Write excel in single file with v2 #549

cristichircu · 2022-02-16T18:07:46Z

cristichircu
Feb 16, 2022

I see that, in v2, write excel writes multiple files (one per partition). I know that's consistent with the behavior for json, parquet, etc but is there any chance you'll provide an option or something to write to a single file?
I'm aware that you can do .coalesce(1) before the write to get a single file but you still have a random name for the actual file. If I want to save the file with a predefined name the only way I see is to do some extra steps like determine, rename and move the file, delete the generated folder, etc.
Any thoughts?
Thanks!

cristichircu · 2022-02-24T09:48:28Z

cristichircu
Feb 24, 2022
Author

@quanghgx @nightscape Would you be interested in having this functionality in spark-excel v2?
What I'm trying to do is basically preserve the single output file behavior we had in v1. What I'm thinking of is setting an option like "excelFileName" and, after the excel files are successfully written to "path", rename the partition file to the requested name and delete the success and .crc files (of course, only if a single excel file is written -> if the client does a coalesce(1) or something before writing to excel).

The client code would look like:
output.coalesce(1) .write() .format("excel") .option("excelFileName", "excelFile.xslx") .mode(SaveMode.Append) .save("//path//to//folder")
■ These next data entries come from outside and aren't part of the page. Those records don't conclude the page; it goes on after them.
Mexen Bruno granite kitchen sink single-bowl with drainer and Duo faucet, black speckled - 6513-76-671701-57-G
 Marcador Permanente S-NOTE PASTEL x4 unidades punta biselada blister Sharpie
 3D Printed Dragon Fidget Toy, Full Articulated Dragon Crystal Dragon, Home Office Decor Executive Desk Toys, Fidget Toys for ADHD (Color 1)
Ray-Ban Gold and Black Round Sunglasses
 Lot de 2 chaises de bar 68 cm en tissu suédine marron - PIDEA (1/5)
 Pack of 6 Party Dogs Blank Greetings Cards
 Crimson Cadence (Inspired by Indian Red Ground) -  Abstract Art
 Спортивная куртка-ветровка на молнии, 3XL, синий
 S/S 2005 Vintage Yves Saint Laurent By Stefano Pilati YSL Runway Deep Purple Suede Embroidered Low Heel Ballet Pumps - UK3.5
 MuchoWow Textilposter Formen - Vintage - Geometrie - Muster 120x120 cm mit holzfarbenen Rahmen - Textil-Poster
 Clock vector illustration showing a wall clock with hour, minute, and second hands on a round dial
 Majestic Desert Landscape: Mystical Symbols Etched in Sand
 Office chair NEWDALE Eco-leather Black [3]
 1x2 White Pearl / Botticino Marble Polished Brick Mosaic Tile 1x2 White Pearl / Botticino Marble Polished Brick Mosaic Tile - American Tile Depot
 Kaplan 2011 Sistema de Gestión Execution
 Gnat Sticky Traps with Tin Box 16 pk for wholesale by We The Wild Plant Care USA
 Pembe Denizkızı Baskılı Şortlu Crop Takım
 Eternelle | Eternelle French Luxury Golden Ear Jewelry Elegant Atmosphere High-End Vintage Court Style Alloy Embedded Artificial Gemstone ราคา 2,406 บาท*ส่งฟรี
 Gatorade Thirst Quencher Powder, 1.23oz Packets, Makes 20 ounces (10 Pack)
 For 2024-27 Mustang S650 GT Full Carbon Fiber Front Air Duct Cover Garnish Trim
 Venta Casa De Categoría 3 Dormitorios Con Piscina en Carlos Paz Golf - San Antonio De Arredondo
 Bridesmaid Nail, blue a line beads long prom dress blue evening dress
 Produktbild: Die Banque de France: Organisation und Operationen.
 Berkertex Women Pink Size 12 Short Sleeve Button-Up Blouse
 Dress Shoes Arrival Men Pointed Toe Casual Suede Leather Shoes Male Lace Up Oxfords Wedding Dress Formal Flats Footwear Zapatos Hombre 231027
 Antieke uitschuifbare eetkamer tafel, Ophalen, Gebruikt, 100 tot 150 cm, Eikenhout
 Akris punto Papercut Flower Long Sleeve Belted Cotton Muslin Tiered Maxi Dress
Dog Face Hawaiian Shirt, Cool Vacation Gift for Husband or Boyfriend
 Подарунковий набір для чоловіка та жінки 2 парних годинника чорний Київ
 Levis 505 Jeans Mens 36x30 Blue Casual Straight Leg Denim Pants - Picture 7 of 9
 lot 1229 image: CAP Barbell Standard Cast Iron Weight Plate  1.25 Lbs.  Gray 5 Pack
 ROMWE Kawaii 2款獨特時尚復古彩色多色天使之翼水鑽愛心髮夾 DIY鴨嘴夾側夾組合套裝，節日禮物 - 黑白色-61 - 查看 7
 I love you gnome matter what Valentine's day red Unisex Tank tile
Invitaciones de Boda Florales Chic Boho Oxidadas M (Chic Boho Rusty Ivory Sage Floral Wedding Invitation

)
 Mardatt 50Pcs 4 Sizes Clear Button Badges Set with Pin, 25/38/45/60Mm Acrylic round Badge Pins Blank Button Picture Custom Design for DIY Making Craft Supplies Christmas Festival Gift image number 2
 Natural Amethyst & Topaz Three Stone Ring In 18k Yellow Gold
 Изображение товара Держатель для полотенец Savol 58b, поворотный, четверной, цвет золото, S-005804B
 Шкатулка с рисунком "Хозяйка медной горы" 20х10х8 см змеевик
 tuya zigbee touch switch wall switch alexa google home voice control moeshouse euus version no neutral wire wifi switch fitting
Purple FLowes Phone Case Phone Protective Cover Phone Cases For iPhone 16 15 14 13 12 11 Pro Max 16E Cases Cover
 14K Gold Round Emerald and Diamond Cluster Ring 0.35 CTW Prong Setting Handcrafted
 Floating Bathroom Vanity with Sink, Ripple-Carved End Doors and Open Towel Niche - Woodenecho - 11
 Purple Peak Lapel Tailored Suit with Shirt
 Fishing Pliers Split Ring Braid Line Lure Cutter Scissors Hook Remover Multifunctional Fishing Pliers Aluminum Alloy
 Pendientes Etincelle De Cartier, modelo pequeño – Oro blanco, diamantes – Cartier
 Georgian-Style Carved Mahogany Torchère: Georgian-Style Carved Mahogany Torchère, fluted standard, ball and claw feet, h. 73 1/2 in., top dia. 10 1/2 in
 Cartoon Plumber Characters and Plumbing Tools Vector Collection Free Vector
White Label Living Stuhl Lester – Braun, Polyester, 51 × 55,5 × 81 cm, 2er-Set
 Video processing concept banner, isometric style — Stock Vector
For the rename and cleanup I can extend org.apache.hadoop.mapreduce.lib.output.FileOutputCommitter and overwrite commitJob and register the ouputCommiter in com.crealytics.spark.v2.excel.ExcelWriteBuilder (similar to what is happening in org.apache.spark.sql.execution.datasources.v2.parquet.ParquetWrite with org.apache.parquet.hadoop.ParquetOutputCommitter)

Some other improvements that would be nice but I'm not sure how/where to implement are (any suggestions?).:

do the coalesce somewhere in spark-excel (if the option is set)
avoid the separate option and have the client send the entire path like .save("//path//to//folder//excelFile.xslx"). Not sure where I could split the path up
create missing folders in the path before the exception is thrown (org.apache.spark.sql.execution.datasources.DataSource#checkAndGlobPathIfNecessary)

Not sure if this is something that would be useful to others. Any feedback is welcomed. Thanks!

6 replies

quanghgx Apr 19, 2022
Collaborator

Hi @cristichircu, I do think this feature should be useful for spark-excel users.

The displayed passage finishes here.